Data for processing:
*** Begin section ***
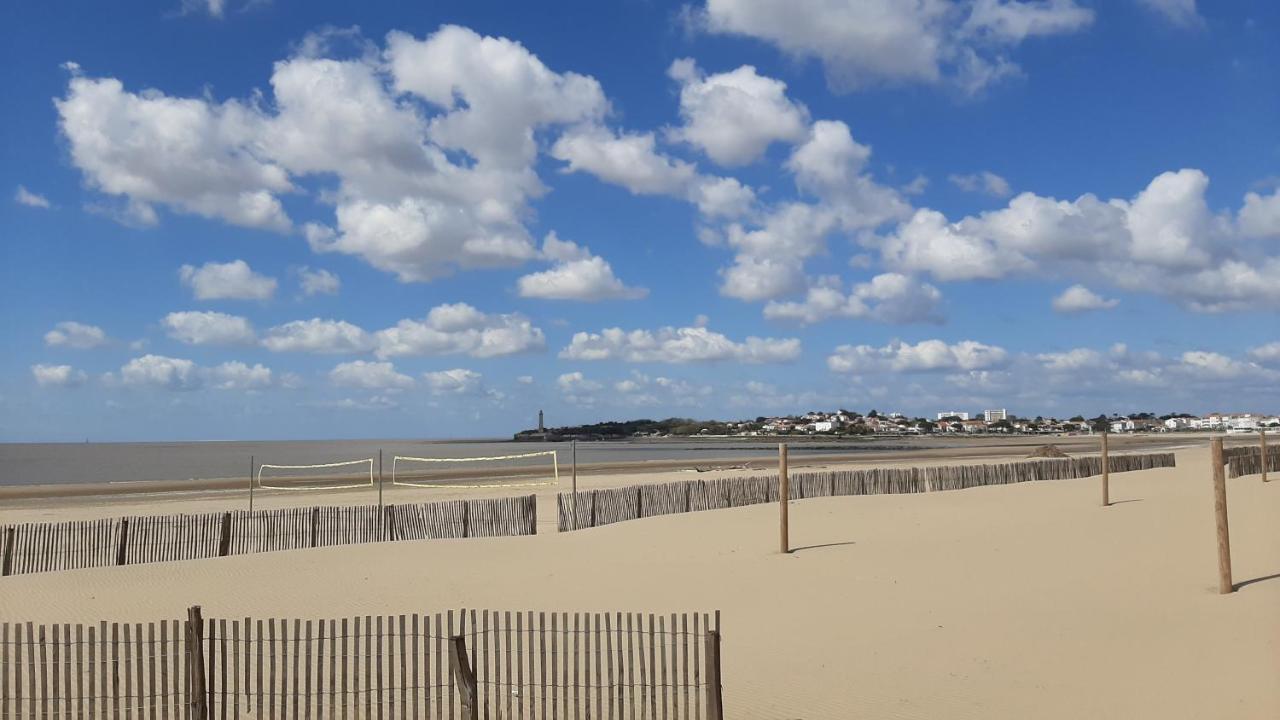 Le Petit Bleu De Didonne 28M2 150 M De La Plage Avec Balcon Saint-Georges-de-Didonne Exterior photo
*** End section ***
*** Begin section ***
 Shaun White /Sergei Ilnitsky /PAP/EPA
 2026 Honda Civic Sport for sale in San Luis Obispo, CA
*** End section ***
To do: Return exactly the lines above from the line that has "Shaun White /Sergei Ilnitsky /PAP/EPA" through the line that has "2026 Honda Civic", inclusive, and nothing else.

Output for this task:
 Shaun White /Sergei Ilnitsky /PAP/EPA
 2026 Honda Civic Sport for sale in San Luis Obispo, CA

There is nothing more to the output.